The inclusion of landlocked nations like Mali and Mongolia in the IWC has fueled accusations that pro-whaling Japan has been using foreign aid to persuade friendly countries to join and help it try to overturn a 1986 ban on commercial whaling.
But the growing ranks of the world whaling body, which started in 1946 with 15 members and now has 70, is not due to pro-whaling nations alone.
"There are more landlocked countries against whaling than in favor of whaling," said Rune Frovik, secretary of the High North Alliance, a Norwegian pro-whaling lobby group.
"By our count, there are six of theirs, two of ours," Frovik said at the commission's annual meeting in the Caribbean island state of St Kitts and Nevis, which ends on Tuesday.
Pro-whaling Mali and Mongolia have consistently voted with Japan in the IWC in its campaign to resume whale hunting.
On the other side, Austria, the Czech Republic, Luxembourg, Slovakia, Switzerland and tiny San Marino oppose Japan and its allies at every turn.

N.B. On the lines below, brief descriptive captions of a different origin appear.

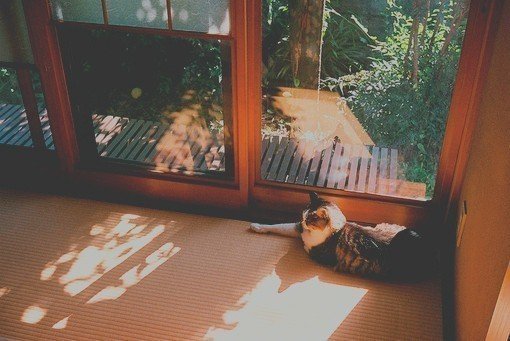 中絶薬ru486 精力剤 増強精力 Note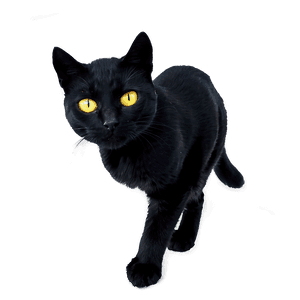 Halloween Black Cat PNG 04292024 PNG image with transparent background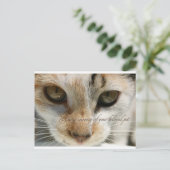 Postale carte de sympathie du chat (Debout devant)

"Whales aren't the property of coastal states," said Patrick Ramage of the International Fund for Animal Welfare, defending the role of anti-whaling nations. "They're a global resource that have special status under international law."
There is little common ground between conservation groups, which want all whales protected, and pro-whaling nations which believe that some whale species are no longer endangered and can be hunted in a sustainable way.
Heri Coulibaly, Mali's representative at the IWC, said his country was a signatory to many international conventions and had a right and a duty to play a part in global affairs.
Pavla Hycova, the Czech Republic's representative at the IWC, said her country was invited to join by anti-whaling nations, including the United States and Germany.
The invitation coincided with increasing public pressure on her government to help protect the Earth's largest creatures. As debate becomes more heated, the Czech vote and voice had become more important, she said.
Caribbean island states, which have become a powerful block of support for Japan, angrily reject claims that their votes had been bought in eschange for Japanese funding for fish processing plants and other infrastructure.
Such accusations sprung out of colonial and racist attitudes, said Edwin Snagg, the IWC commissioner for St Vincent and the Grenadines.
"It's a question of respect," Snagg said. "Because you are small and because you are undeveloped there is this view and there is this feeling that you can easily be bought and you can easily be sold. We in the Caribbean feel highly offended."